I came up with a short history on circuit layout and my experience with it.
Back, 42 years ago, I just gave my servo breadboard design to my office room-mate, and he did it for me. Not a bad job, either.
In 1970, when working with the GD, my boss, Ron Wickersham, now, as then, head of Alembic Inc., did the layouts, and they were OK. Where we failed, was parts choice, at the time.
Interestingly enough, we hired this guy, Jim Furman, a college graduate, to make prototypes and solder for us. Yes, the very Jim Furman, who created Furman Sound, looked up to, with reverance, today. Well, then, Jim Furman was a lousy layout man, the worst in my experience. I would have fired him, on the spot, but I wasn't the boss. He could solder, so he had at least one redeeming virtue. While I did not know or appreciate it at the time, he was an EXCELLENT business man, and took a few ideas developed while he worked with the GD, and made quite an industry. He became a great promoter, second only, in my opinion, to Noel Lee, who I got to know very well.

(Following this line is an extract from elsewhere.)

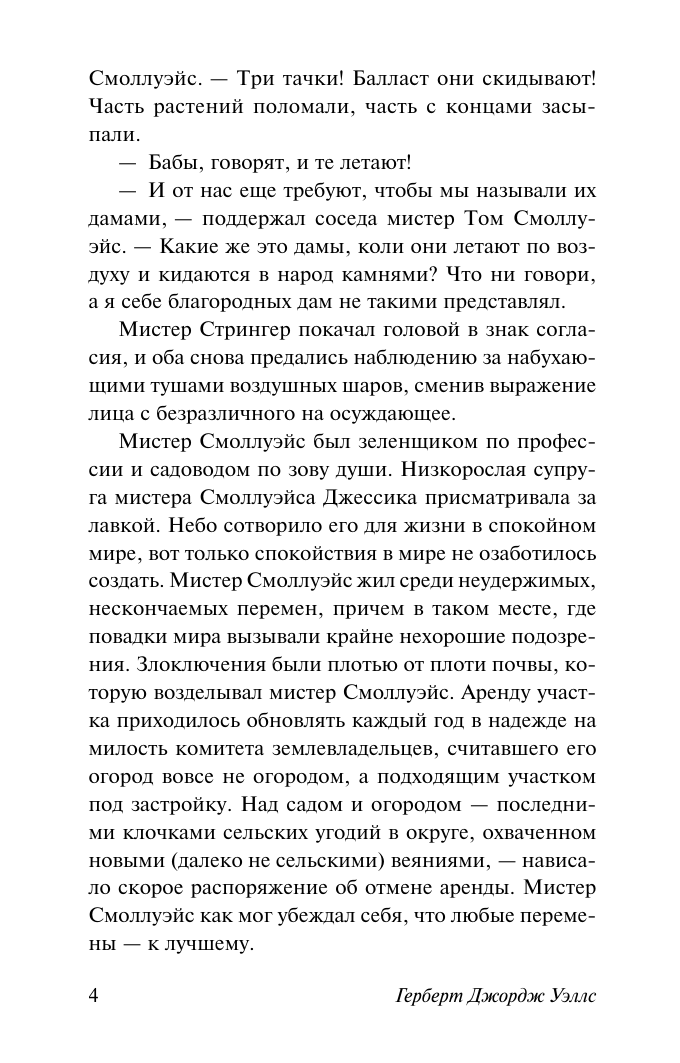Художественная книга АСТ Война в воздухе, мягкая обложка (Уэллс Герберт) — фото 4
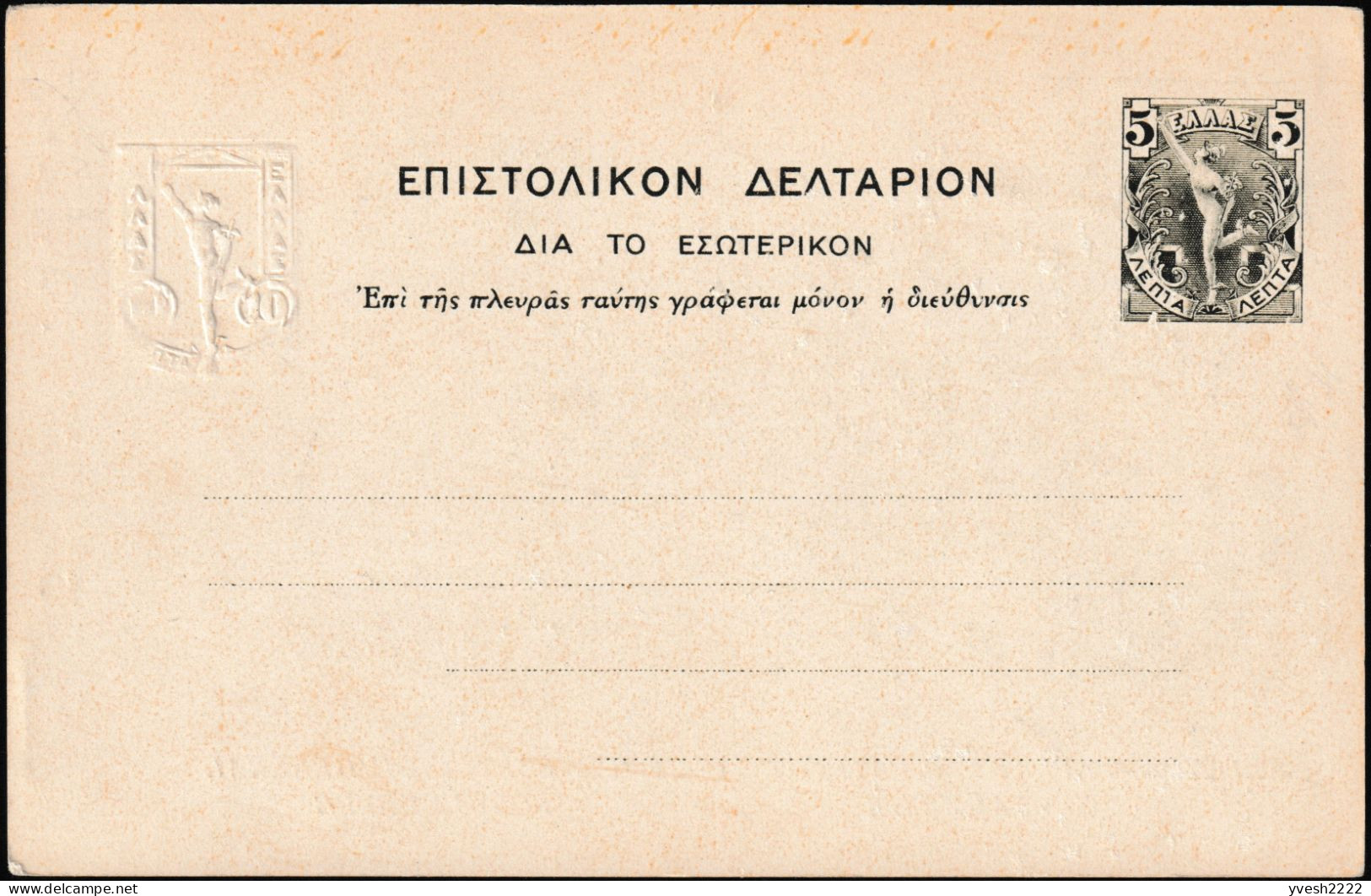 Grèce 1903. Entier Postal Officiel. Johann Matthias Von Der Schulenburg Et Non Schulemberg. Guerres Anti Islam - Oddities On Stamps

Ever onward, when I moved to Switzerland, we hired a Swiss 'kid' who had an amazing gift for circuit layout, both in hand wired prototype, and circuit diagrams. His drawings and layouts were 'works of art' and he did the Symmetry crossover, preamp and power amp, (you didn't know about those, did you?), and my pro circuit boards, back in the late 1970's. Unfortunately, he went totally blind, in 1980, and could not work any further.
When I first met Carl Thompson, and saw his work, I was immediately impressed, and still am, today. Carl works for the 'big boys', as well as for audio companies. You know: Fairchild Instrumentation, Intel, Tektronix, Grass Valley Group, etc. His efforts are just as important as mine in making a successful product.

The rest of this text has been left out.